Tuesday, May 15, 2007

valley inn - cars out

Car free valley inn road in the cards: here's the spectator report on an open house to show the design.
A car free valley inn will enhance the natural setting at the mouth of Grindstone Creek where it enters Hamilton Harbour. It will also be an important part of the cycling network once work begins on the York Street Bike Lanes, due for construction this year (2007)

Walk or bike it, but no more cars

By Daniel Nolan
The Hamilton Spectator
(May 15, 2007)

The days are numbered for driving across the clattering timber deck of the Valley Inn Road bridge.

The deck is slated to be replaced this fall in a $200,000 rehabilitation project, which will also close the bridge linking Hamilton to Burlington over the Grindstone Creek to vehicle traffic. It will then be open only to pedestrians and cyclists.
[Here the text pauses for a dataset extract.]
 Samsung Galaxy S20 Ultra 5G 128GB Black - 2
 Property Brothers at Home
The city held an open house last night to show residents what it has been working on for the bridge redesign since the spring of 2006. The present structure is a Bailey bridge, a military-style portable bridge, which was installed soon after the previous bridge collapsed beneath a truck May 5, 1965. A bridge has been at the site since the late 1800s.
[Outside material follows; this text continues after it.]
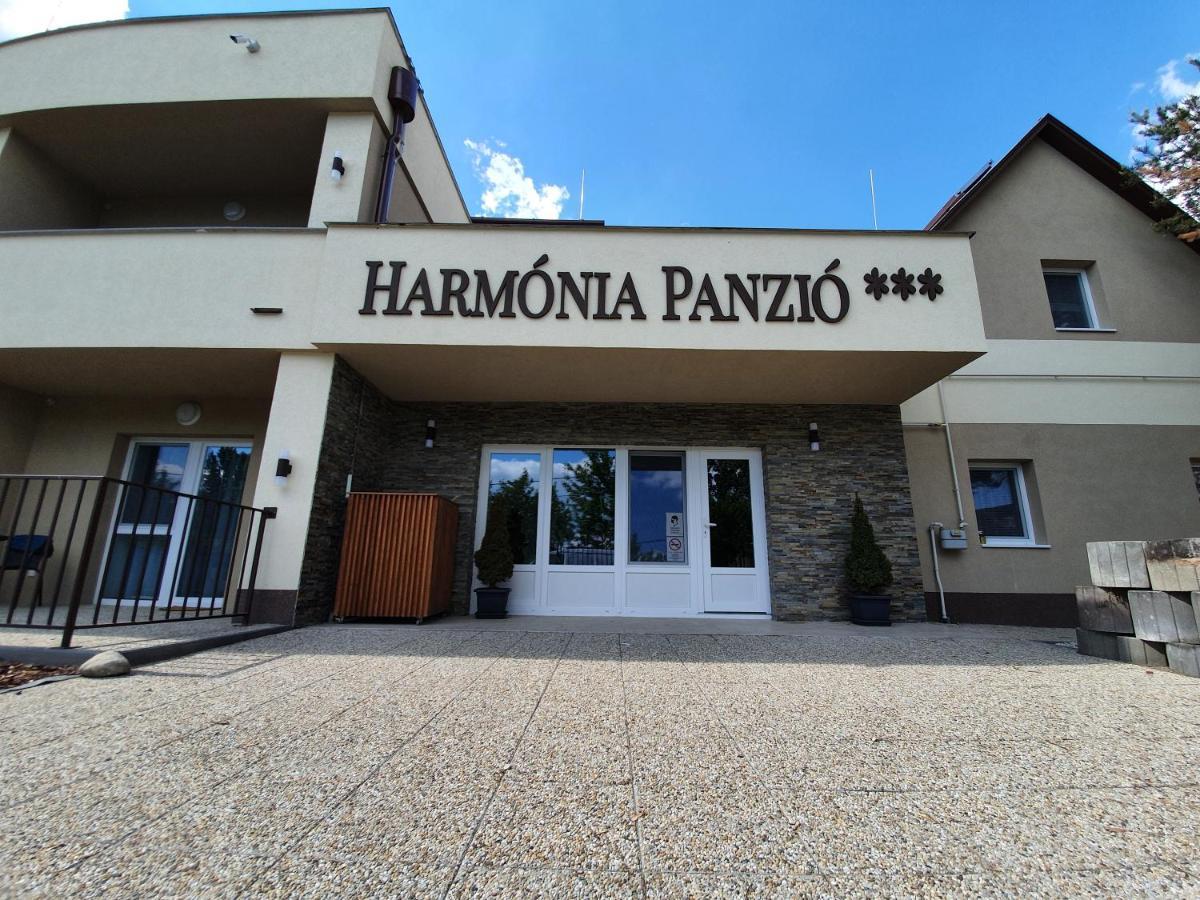 Harmónia Panzió Apartamento Bogács Exterior foto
There was talk of replacing the Bailey, but city officials decided to upgrade it, replace the decaying deck and also fund beautifying the area. This includes a 15-car parking lot at the top of Valley Inn Road (named for an old hotel which burned down in 1928) and a lookout into Sunfish Pond.
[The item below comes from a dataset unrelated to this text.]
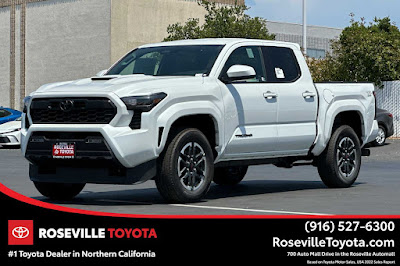 2025 Toyota Tacoma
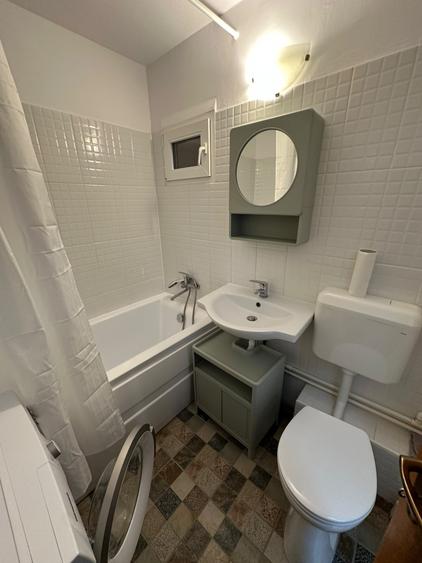Dristor - Metrou - 3 Camere - 2 Băi - Prima Chirie - Bloc Reabilitat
About two dozen people visited the open house. Lorissa Skrypniak, acting senior project manager, said the majority of comments have been "fairly positive," but she admitted some don't like to see the bridge closed to traffic. An environmental assessment has determined it should be closed to vehicles.

Randy Kay, a member of Transportation for Livable Communities, liked the change. "It's going to make it more intact environmentally and you can forget about traffic and think of other things," said the avid cyclist.

Keith Black, a retired Dofasco worker, believed it was a mistake to ban vehicles. "If it was good for people a hundred years ago, it's good for the people today," he said.